:: Data records

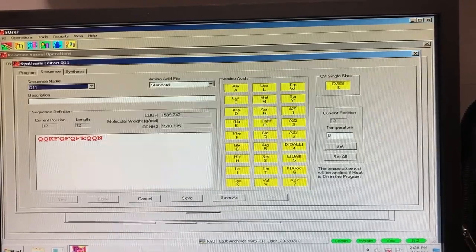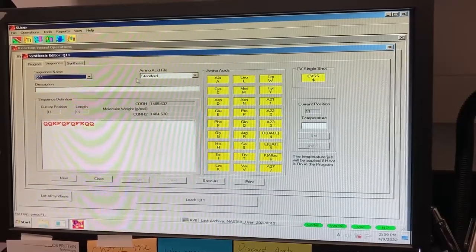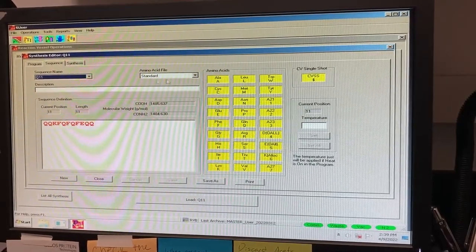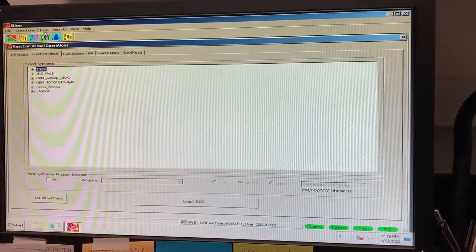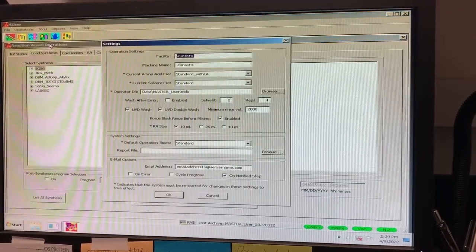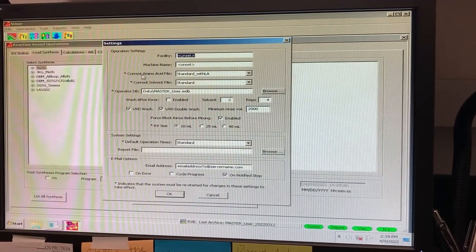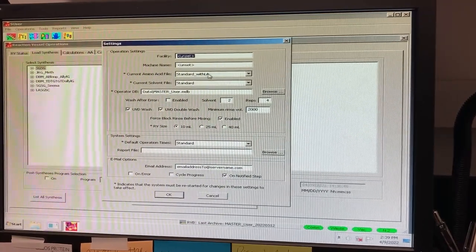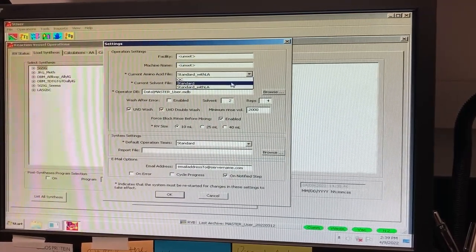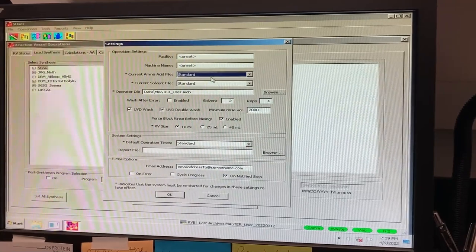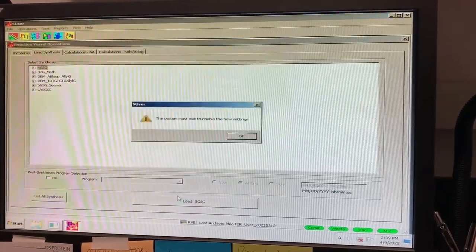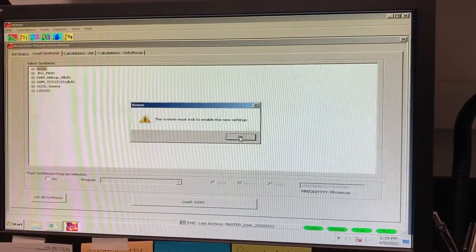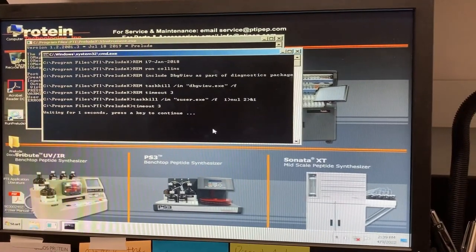Take note of the amino acid file listed to the right of the Sequence dropdown. The file the sequence is associated with needs to match the amino acid file under the Tool tab in Settings. If you need to change the amino acid file in Settings, you will need to close out of the program and reopen it. If the amino acid files do not match, your sequence will not appear when you load your synthesis.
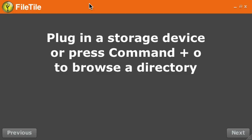Hi, this is Christian Cantrell, and today I want to show you an application I wrote called FileTile in order to validate the new storage volume detection APIs in Air 2.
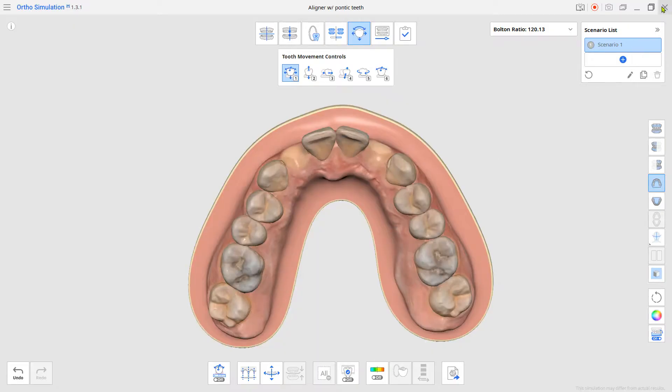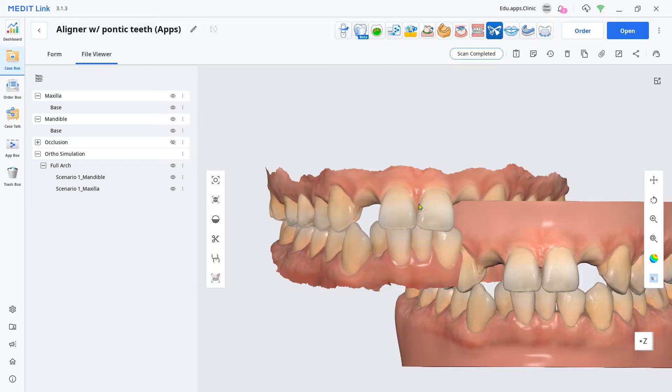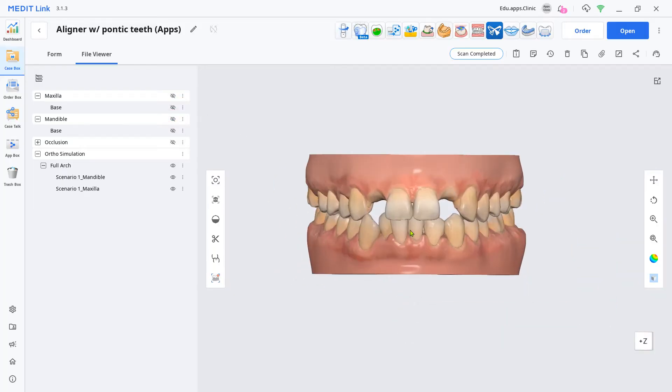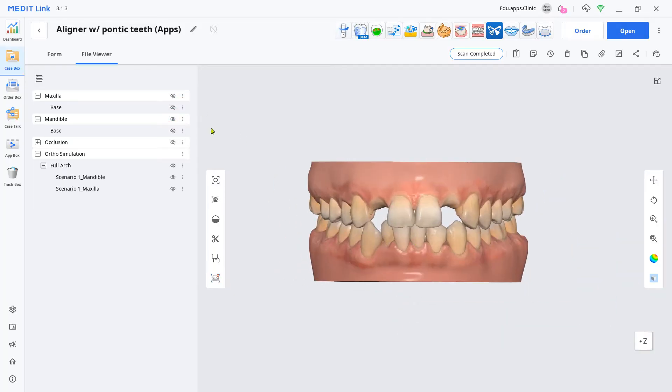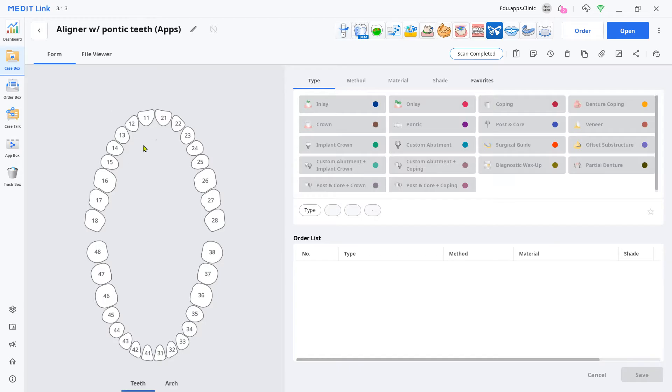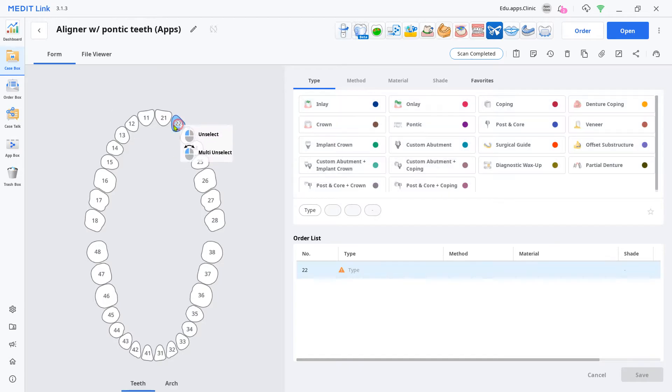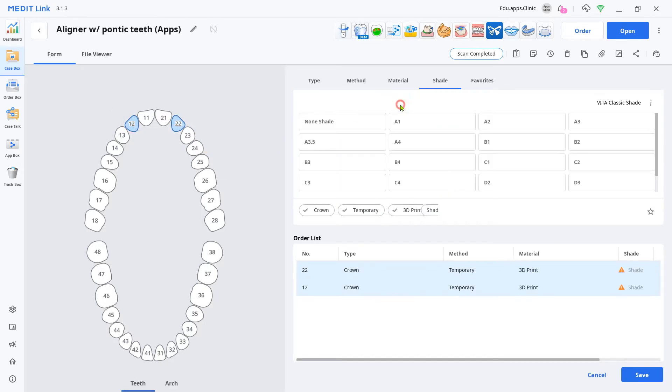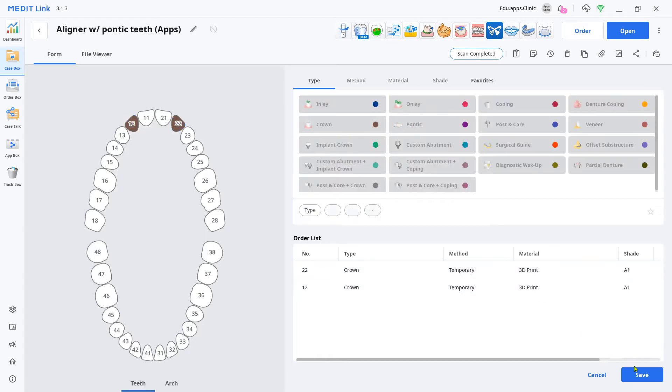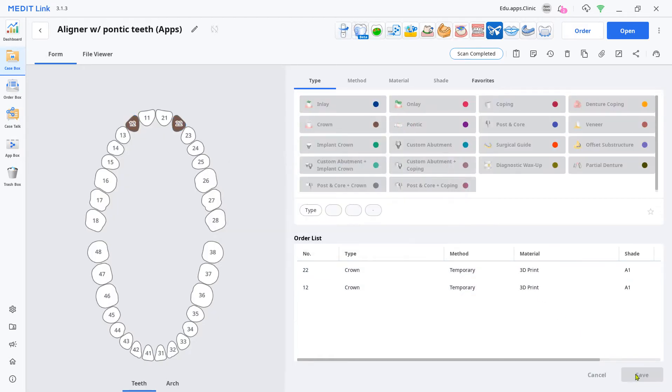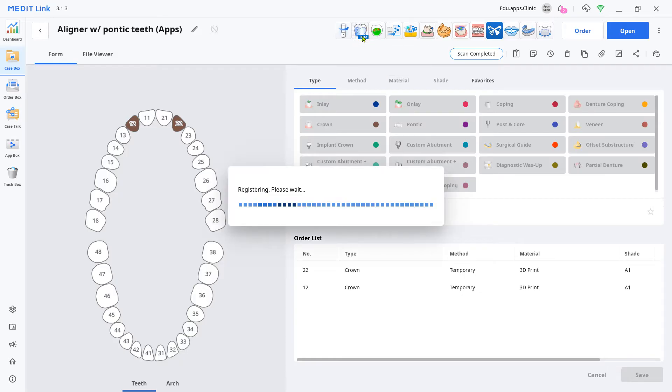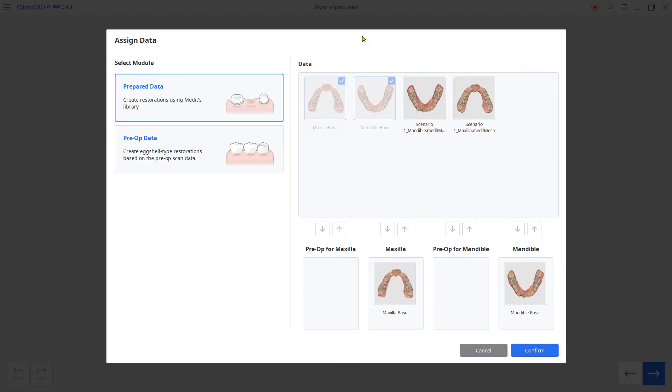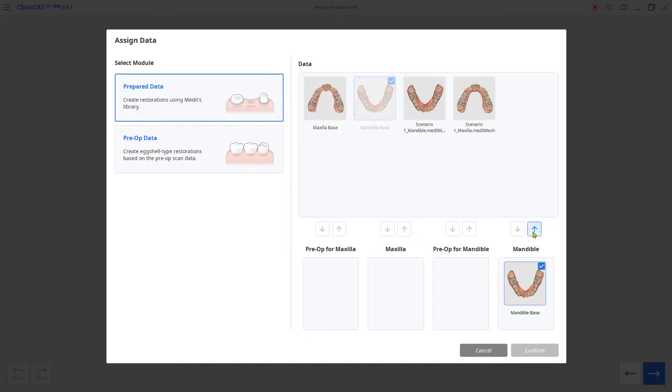Now we are going to create pontic teeth with this adjusted data. Go to the form tab, set the missing teeth as a crown and a temporary. Load the ClinicCAD app.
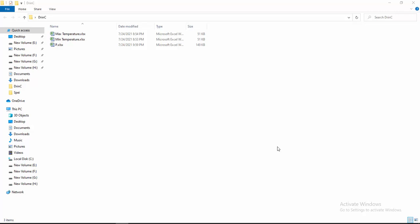Hello viewers, peace be upon you and welcome to another video. During this video I am going to show you how to calculate potential evapotranspiration with DRINC software.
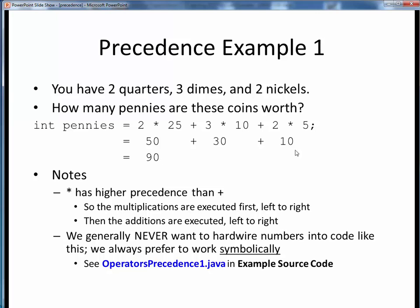As an aside, in general we would never want to write code like this with a bunch of hard-wired literals. Instead, we always prefer to work symbolically — that is, with variable names representing each of these quantities. Let's take a look at our example file to see how we would better refactor this problem. Please take a moment now to pause this video and view the short code walkthrough video for OperatorsPrecedence1.java. Open up this file in JGrasp so you can follow along. You'll find this example in the example source code module on Canvas. Come back to this video when you are finished.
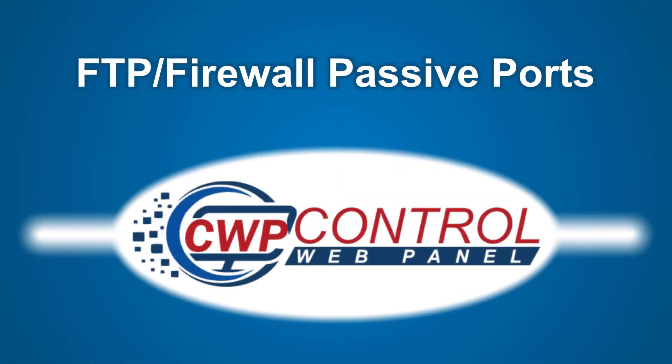Hello, welcome to the CWP tutorial. In this video, we'll be taking a look at how to enable passive ports on your pure FTPD server and CSF firewall.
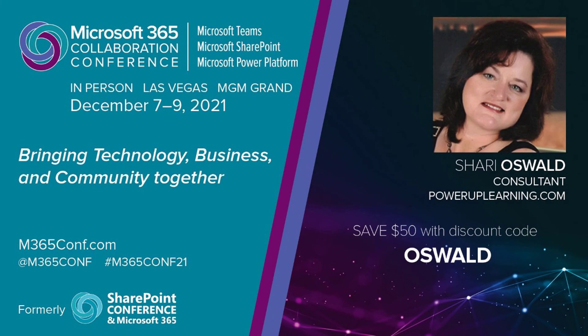Guess what? In-person events are back and I'm going to be in Las Vegas on December 7th through 9th and I'm speaking this year at the Microsoft 365 Collaboration Conference. Would love for you to join me and you can even save $50 if you register using the discount code of my last name, Oswald. We'll see you there.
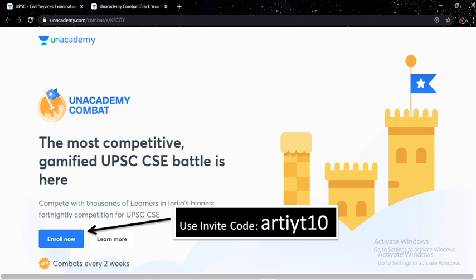It's about Unacademy Combat. I hope you all have participated in Unacademy Combat which was on 6 December. The next combat is going to be 20 December at 11am, so don't miss this because this is a gamified version of UPSC preparation and you will see many aspirants from all over India. You can use the ARTIYT-10 invite code and you will find the rest of the details in the description box of this video.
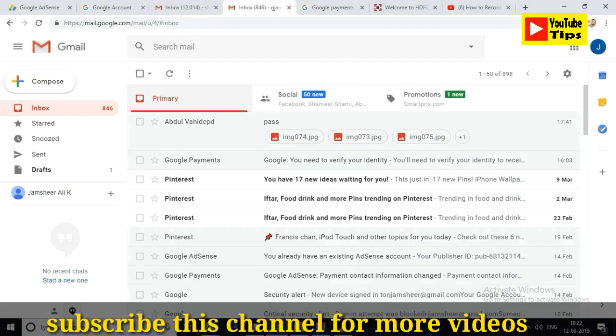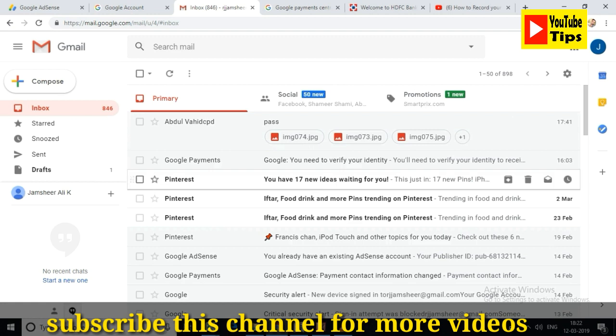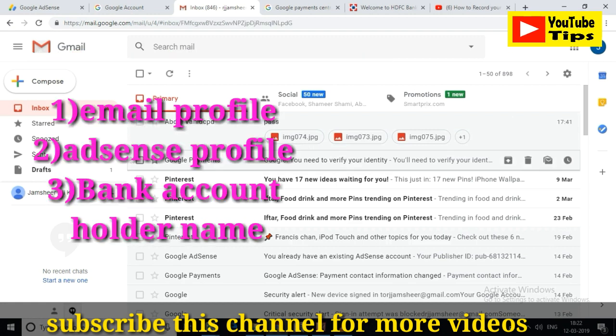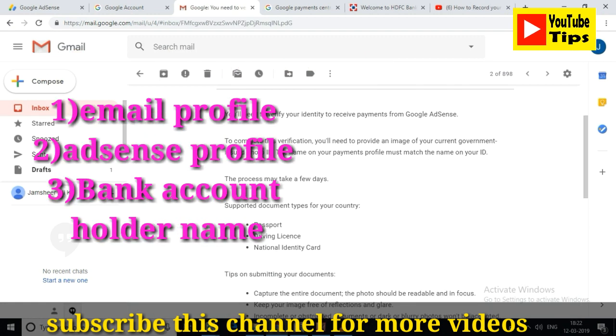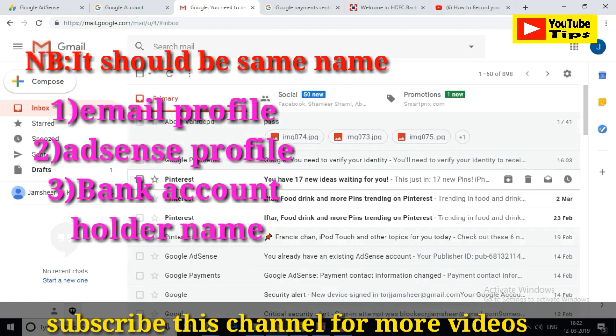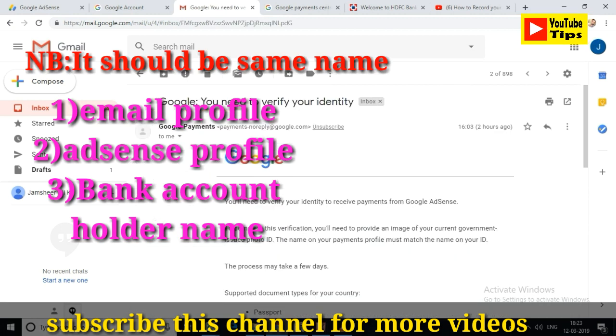Hello friends, welcome to YouTube Tips on my channel. This video is called Google AdSense ID verification.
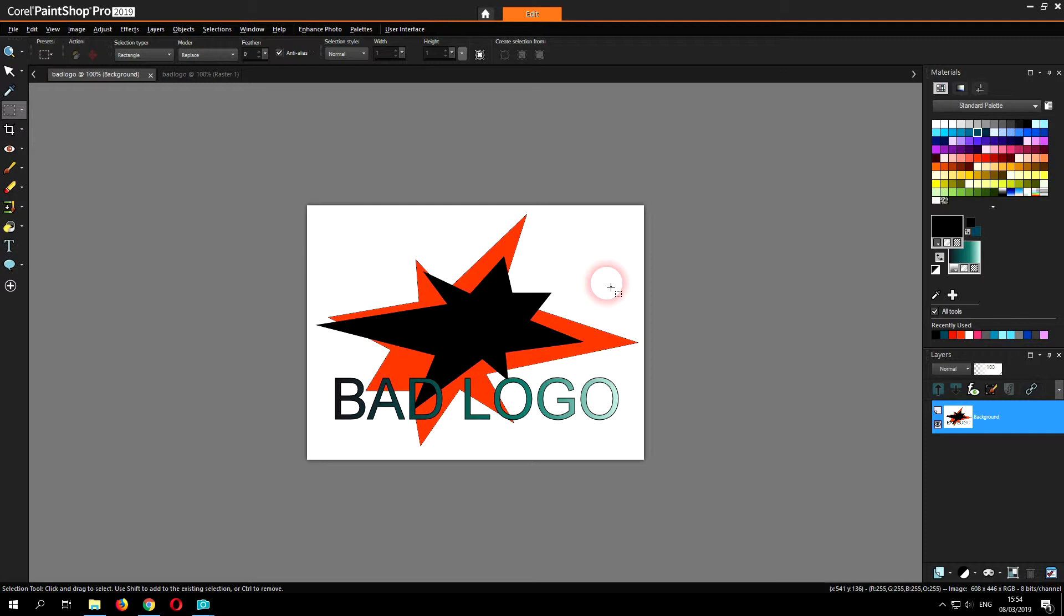I'm using Core PaintShop Pro 2019, but if you are using another version of the software I hope my video helps you work out how to perform the task.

::::

What to do: Keep to the lines above from the line with "As an aside, in" to the line with "Hello, welcome to", and set down exactly those, inclusive, with nothing else and every picture left out.

Problem solution:
As an aside, in general we would never want to write code like this with a bunch of hard-wired literals. Instead, we always prefer to work symbolically — that is, with variable names representing each of these quantities. Let's take a look at our example file to see how we would better refactor this problem. Please take a moment now to pause this video and view the short code walkthrough video for OperatorsPrecedence1.java. Open up this file in JGrasp so you can follow along. You'll find this example in the example source code module on Canvas. Come back to this video when you are finished.
Hello, welcome to the CWP tutorial. In this video, we'll be taking a look at how to enable passive ports on your pure FTPD server and CSF firewall.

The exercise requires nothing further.